Genauer gesagt bis in die „Goldenen Epoche“ des Stierkampfs zwischen 1914-1920, die durch eine Rivalität zweier Toreros gekennzeichnet war,- eben jenem Joselito el Gallo und Juan Belmonte aus Triana. Letzterer gilt als einer der berühmtesten Stierkämpfer. Man sagt ihm nach, dass er den „modernen“ Stierkampf einführte; das heißt, in aufrechter Haltung, fast regungslos und gefährlich nah am Stier. Erwähnenswert sicherlich die Tatsache, dass er die Titelseite des Time Magazine von 1925 zierte!
Ihm gegenüber stand sein ewiger Rivale Joselito el Gallo, der bereits mit 17 Jahren der damals jüngste Matador de Toros war. Leider wurde er auch nicht alt: Joselito el Gallo stirbt bereits mit 25 Jahren während einer Corrida 1920 durch einen Stier.

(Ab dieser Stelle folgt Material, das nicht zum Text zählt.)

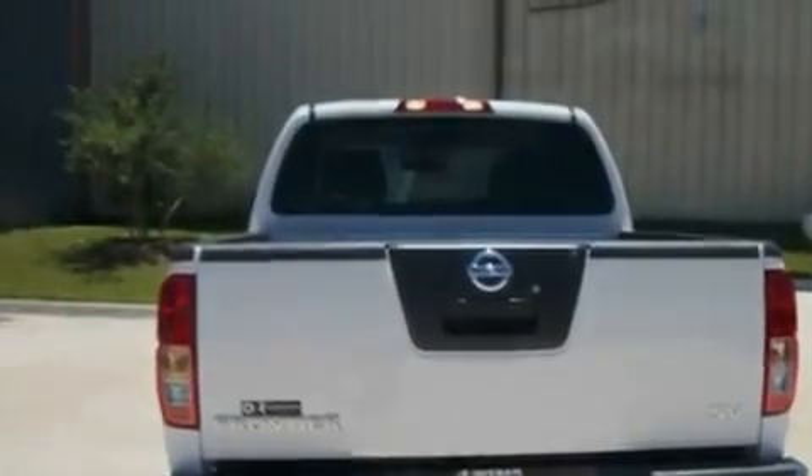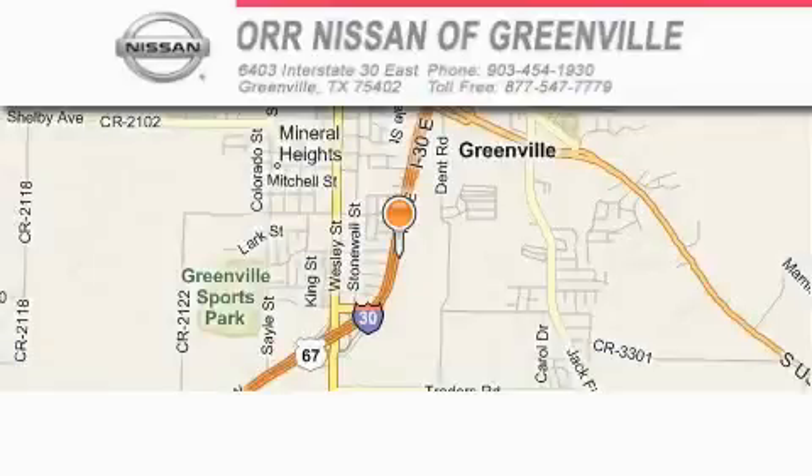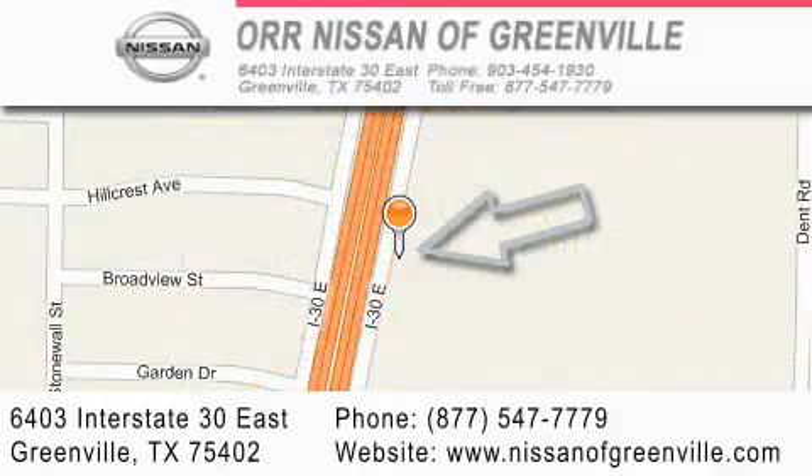This vehicle is sure to sell fast. Call and arrange your test drive today. Our Nissan of Greenville is located at 6403 Interstate 30 East in Greenville. Our goal is to exceed all of your expectations to ensure that you'll return for future visits.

Dieser tragische Umstand und seine dominante Art, wie er den Stier beherrschte, führten zu vielen Anekdoten; unter anderem erwähnt ihn Ernest Hemingway in seinem Buch „Tod am Nachmittag“ als besten Stierkämpfer aller Zeiten.
Gekennzeichnet von ewiger Rivalität sterben schließlich beide auf dramatische Weise: der eine in der Arena, der andere (Belmonte) wählt seinen Tod und begeht Selbstmord mit einer „Luger“.
Heute gedenkt man noch beiden Toreros auf der jeweiligen Flussseite: In der Bruderschaft de la Macarena im Zentrum, wo Joselito einst ein einflussreiches devotes Mitglied war. Sowie in Triana, wo eine Statue Belmontes, so ausgerichtet ist, dass sie über den Fluss auf eine der ältesten und berühmtesten Stierkampfarenen Spaniens blickt: Seinen "Arbeitsplatz" La Plaza de Toros La Maestranza.
So nah sich Triana und Sevilla geografisch sind, nur durch den Guadalquivir getrennt, sind sie doch ebenso verschieden - beide versprühen ihr eigenes Flair. Wir Einheimischen wissen diese Vielfalt zu schätzen. Meinen Gästen hoffe ich mit diesem Blog Eintrag eine weitere Anregung gegeben zu haben, Sevilla mit mir zu besichtigen.